Le gouvernement a présenté le 20 juin le plan Banlieue. Outre des efforts de désenclavement des quartiers et la création de 45 000 "contrats d'autonomie" sur trois ans pour accompagner des jeunes vers l'emploi, le plan contient les mesures scolaires que F. Amara avait déjà présentées le 14 février.

 

Plus qu'un plan, il s'agit d'un éventail de mesures. L'accompagnement éducatif sera étendu à 3 730 écoles primaires (on annonçait 5 000 en février). 30 collèges très dégradés seront fermés, en accord avec les conseils généraux (propriétaires des lieux !) et la reconstruction intégrée dans un programme national. Un nombre équivalent de "sites d'excellence" seront créés dans des lycées , déjà nominativement désignés, qui bénéficieront de filières artistiques, de sections internationales etc. 4 000 places d'internat seront ouvertes et 12 000 places en école de la seconde chance d'ici 2010.

 

D'autres mesures touchent à la vie des élèves. Des banques de stage, à l'image de l'expérimentation menée à Aix-Marseille, aideront les élèves à trouver des stages de 3ème ou de la voie professionnelle. Du busing pour favoriser la mixité sociale dans des communes volontaires. Le ministère soutiendra l'accès des jeunes en prépas : 5% des élèves "les plus méritants" de chaque lycée se verra proposer un accès en classe préparatoire. Enfin le ministère effectuera un repérage individuel des élèves déscolarisés et des sorties sans qualification. Une circulaire de lutte contre l'absentéisme sera publiée d'ici la rentrée.

 

La FSU a critiqué ce plan. Pour la fédération, "esquivant la question des moyens nouveaux et fondé essentiellement sur des redéploiements, il n'est pas de nature à produire l'effort indispensable pour réduire véritablement les inégalités par une action cohérente et durable… Il n'est pas de nature à produire l'effort indispensable pour réduire véritablement les inégalités par une action cohérente et durable" estime le syndicat.

Le plan banlieues

http://www.espoir-banlieues.fr/  

La liste des 30 sites d'excellence

http://www.espoir-banlieues.fr/article.php3?id_article=120   

Communiqué FSU

http://www.vousnousils.fr/page.php?P=data/autour_de_nous/l_act[...]  
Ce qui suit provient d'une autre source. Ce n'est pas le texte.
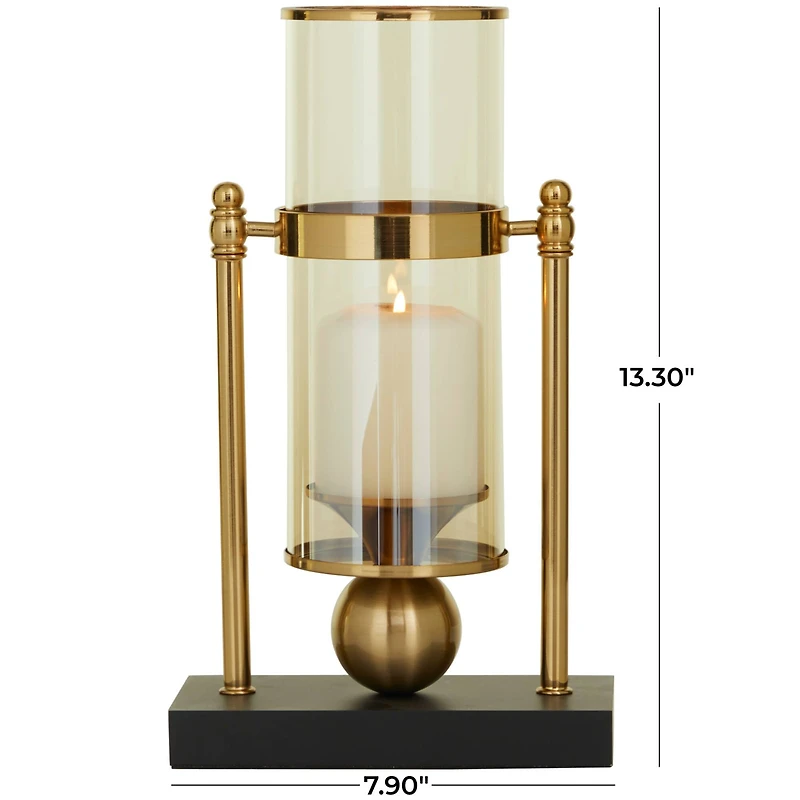 CosmoLiving by Cosmopolitan 13" Gold Metal Pillar Hurricane Lamp with Metal Stand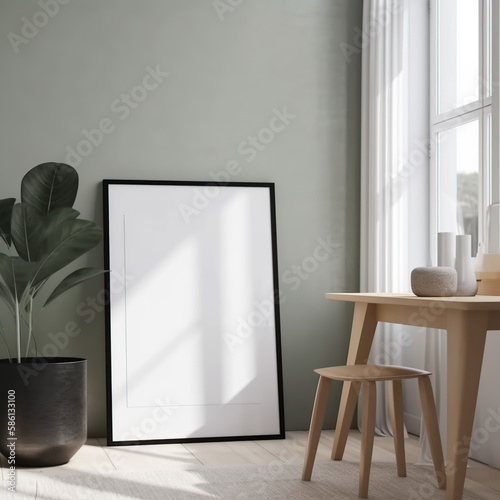 Mockup metal frame in farmhouse scanadinavian living room, bedroom, kitchen... interior, 3d rendering, illustration, scale 1:1 generative AI.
Sur le Café, F. Amara et Darcos

http://www.cafepedagogique.net/lexpresso/Pages/2008/02/1502200[...]  

 

Espoir banlieue : la banlieue en plan

Pourquoi "faire du social" quand on a peu de moyens à y consacrer, que son électorat s'en désintéresse et que soi-même on croit davantage dans la réussite individuelle que dans les inégalités sociales ? Annoncé une première fois il y a maintenant 4 mois, le plan "Espoir banlieues" arrive au terme, sans grandes modifications avec son volet éducation nationale.

 

Pourtant la question des inégalités sociales à l'Ecole se pose de façon aigue en France. On peut le mesurer par exemple dans l'inégalité d'accès au bac. Si ce taux progresse pour toutes les catégories de la population, l'écart entre les familles cadres et ouvrières reste particulièrement élevé, au point que l'OCDE a pu reprocher à la France ces inégalités.

 

Se définissant comme un plan "banlieues", le programme gouvernemental prend en compte la dimension géographique de ces inégalités. L'essentiel des crédits prévus iront d'ailleurs à des moyens de transports sensés désenclaver les quartiers. Sur le plan scolaire, le plan reconnaît la ghettoïsation de certains quartiers et propose la destruction de 30 collèges. Dans la même optique il propose du "busing"  à l'école primaire pour promouvoir la mixité sociale.

 

Mais c'est évidemment sur ce terrain que le plan est le moins crédible. Le débat engagé actuellement sur la carte scolaire après la "sortie" du rapport Obin – Peyroux montre que sa suppression accentue les phénomènes de ghettoïsation. Le contre-feu prévu, qui consiste à donner la priorité aux boursiers sociaux est peu efficace, ne serait-ce que parce que les familles  les plus défavorisées connaissent souvent mal l'univers éducatif (voir les études anglaises) et sont peu demandeuses. Les efforts pour créer des "pôles d'excellence" dans 30 lycées de banlieue risque fort de faire du busing à l'envers, c'est-à-dire d'instaurer au sein même des établissements une nouvelle forme de relégation.

 

La banlieue a avant tout besoin de politiques d'aide aux familles et de soutien aux établissements. Quelques mesures vont dans ce sens. Ainsi l'effort qui sera fait pour suivre et rattraper les décrocheurs. Mais lui-même est contrarié par la politique de valorisation des CAP et la création du DIMA, un dispositif qui poussera hors de l'école, sans qualification réelle, des jeunes de 15 ans.  Un grand doute demeure sur l'efficacité de l'accompagnement éducatif proposé dans une partie des écoles primaires. Il est exprimé officiellement à Paris par exemple. Rien d'autre n'est prévu pour éviter le creusement des inégalités dans les premières années de la scolarité qui sont prédictives de la suite. Rien n'est fait pour diminuer l'élitisme du système éducatif. Au contraire il est réaffirmé par la réforme du primaire qui fait du redoublement une réponse automatique aux problèmes.

 

Le candidat Sarkozy avait été mieux inspiré quand il annonçait : "Dans les quartiers où s’accumulent tous les problèmes de l’exclusion et du chômage, je propose de créer des classes de quinze élèves dans les collèges et les lycées...."

Sur le Café, le DIMA

http://www.cafepedagogique.net/lexpresso/Pages/2008/04/1404200[...]  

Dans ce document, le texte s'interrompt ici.